Currently in Redwood, deleted data or parts of it could remain recoverable indefinitely because

  • Free pages within a Redwood file are not returned to the filesystem due to the additional IO necessary to maintain the required metadata to do this.
  • Within a page, deleted records are initially marked as deleted with a single bit changes, though a later page contents rebuild (to reclaim freed bytes or for other reasons) will remove the deleted record bytes.
  • Since pages in Redwood are never modified in-place, multiple copies of a page with deleted record bytes can exist in pages retained as part of the retained version interval or in pages that are in the free list.
  • Redwood is a B+Tree (SQLite is a B-Tree) so records above the leaf level are not user KV pairs but rather minimal length boundary keys used for traversal decisions. This means that given the user KV pairs
    Aaaa -> 1342 Bbbb -> 213 Cccc -> 12344
    then the string B could be used as a minimal boundary key, it would exist in an internal page, and deleting the record with a key of Bbbb would not remove the boundary key so part of the deleted key is still recoverable. This is a simple example but it can also happen with longer shared prefixes that cross page boundaries, where after removing all records with a certain shared prefix that shared prefix plus one byte is still present as a boundary key in an internal BTree page.

It would be possible to add options to always rebuild page contents when a record is being deleted, and to explicitly write all zeroes to freed pages. However, this would not solve the boundary key “leak” describe above.

I also want to point out that overwriting a block on an SSD would not normally overwrite the same physical storage that held the old data, nor would it erase the old copy until some unspecified point in the future which is drive logic depending.

1 Like

Is this a fixed design constraint for Redwood, or something that would be relaxed later on?
There are a lot of real scenarios we have come across where extra data got created due to unforeseen situations/bugs, which gets cleaned up later.

Even if there was a manual compaction command/tool, it might be useful.

There are several ways that file shrinking support could be added, with various performance tradeoffs, and likely an on-disk format change. A format change just means a migration to the new storage engine format must be done, but that is a process which already has to work smoothly so that current production deployments can migrate to Redwood without service interruption.

For a manual compaction, such as after a temporary space usage increase, there is actually already a way to make this happen: For each host’s storage processes (or for smaller host count clusters then for each storage process), exclude the storage process(es), wait for data distribution to move data away from the host, then re-include the storage process(es).
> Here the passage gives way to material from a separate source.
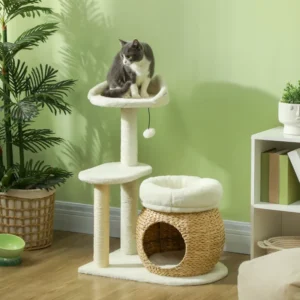 Multi-Level Cat Tree Tower with Condo, Scratching Posts & Hanging Toy – Indoor Cat Activity Center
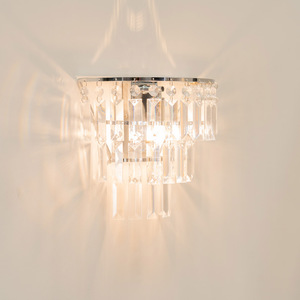 Kelsks Pair of Acrylic Jewel Droplets Shade Chrome Stem Wall Lights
This will effectively rebuild compact BTree’s of all of the data.

What I’ve just described is essentially a storage engine migration from one storage engine to the same storage engine, as the steps given is how storage engine migration already works. It’s just that currently the actual storage engine migration logic does not let you do this. It will be supported in some form, possibly as noted here: https://github.com/apple/foundationdb/issues/2640 or some other way.
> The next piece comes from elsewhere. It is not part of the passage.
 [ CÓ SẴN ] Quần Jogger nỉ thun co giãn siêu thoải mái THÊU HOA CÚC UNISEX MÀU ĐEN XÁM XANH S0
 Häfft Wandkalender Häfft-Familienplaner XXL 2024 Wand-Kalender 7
A compaction tool is possible but not trivial as it must work on a live storage engine. It is possible we would create one if there is a strong enough need for it. The storage engine self migration method is not particularly IO or network efficient compared to a custom tool, but on the other hand it is essentially already written and its performance impact is known, which is essentially the same as a maintenance-driven host/process exclusion.

1 Like

Thanks for the detailed reply.

1 Like

Fantastic reply; thank you for the detail.